Timing your EUR/USD trades becomes crucial when trading through Quant Tekel's platforms. The London session opening at 8 AM GMT typically delivers the highest volatility and tightest spreads, followed by the New York overlap period from 1-4 PM GMT. During these peak hours, you'll find the most reliable price action and volume, which helps minimize slippage and maximize the effectiveness of your trade entries. The 24/5 availability means you can catch major economic releases from both the ECB and Federal Reserve, though be aware that spreads can widen significantly during high-impact news events.
Position sizing with Quant Tekel's 1:100 leverage requires careful calculation, especially when considering the 1.4-pip spread and swap rates. On a standard account, you can control €100,000 with just $1,000 margin, but the real consideration is how much you're willing to risk per trade relative to that 4% daily loss limit. With EUR/USD's 80-pip average range, a poorly timed 1.0 lot position could easily consume your entire daily allowance if you catch the wrong side of a major move. The negative swap of -6.5 pips for long positions also means holding EUR/USD overnight comes with additional costs that can erode profits on longer-term positions.

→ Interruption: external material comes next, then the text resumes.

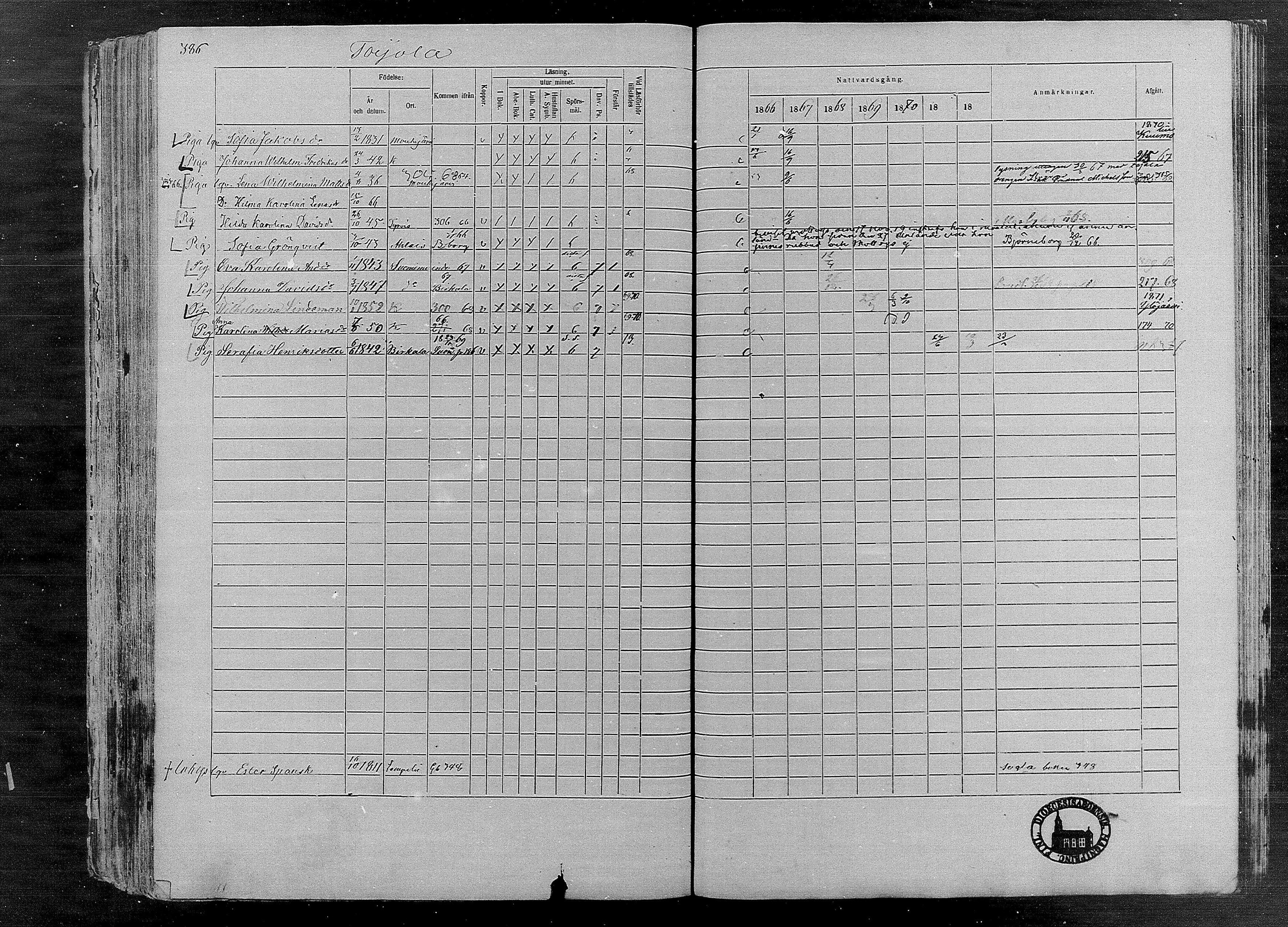 [ ../kirjat/Kirkonkirjat/karkku/rippikirja_1866-1872_mko148-160/kuvat/368.jpg ]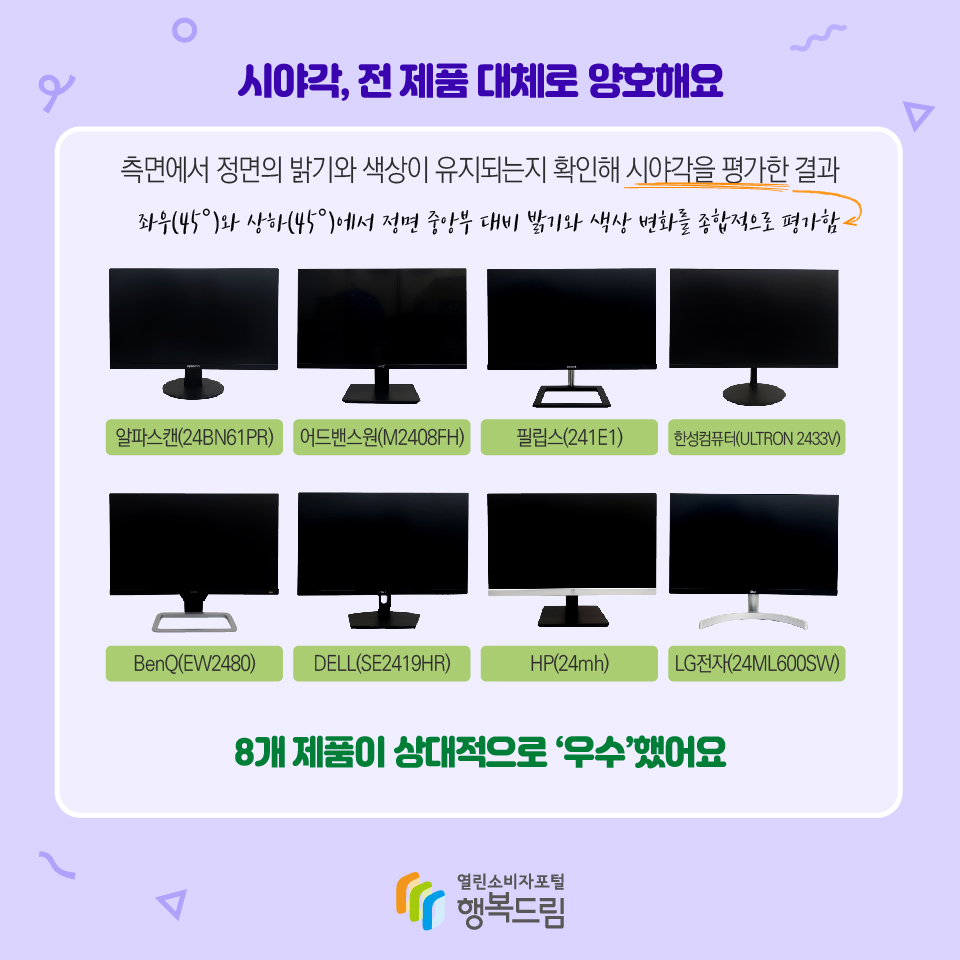 시야각, 전 제품 대체로 양호해요 측면에서 정면의 밝기와 색상이 유지되는지 확인해 시야각을 평가한 결과 좌우(45°)와 상하(45°)에서 정면 중앙부 대비 밝기와 색상 변화를 종합적으로 평가함 알파스캔(24BN61PR), 어드밴스원(M2408FH), 필립스(241E1), 한성컴퓨터(ULTRON 2433V),  BenQ(EW2480), DELL(SE2419HR), HP(24mh), LG전자(24ML600SW) 8개 제품이 상대적으로 ‘우수’했어요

The lack of commission on EUR/USD at Quant Tekel simplifies cost calculations, as you're only dealing with the 1.4-pip spread, though this is slightly wider than competitors like FTMO's 1.1 pips. However, the firm's 80% payout split and robust platform selection through MT5, cTrader, and TradeLocker often compensate for the modest spread disadvantage. Risk management becomes paramount with EUR/USD's tendency to gap during major economic announcements or geopolitical events affecting either the Eurozone or United States. These gaps can potentially breach stop losses, making proper position sizing and risk awareness essential for maintaining your account within Quant Tekel's maximum 10% total loss threshold while building toward consistent profitability.
EUR/USD Specs: Quant Tekel vs Competitors
Typical conditions across firms. Spreads are indicative and vary with market conditions.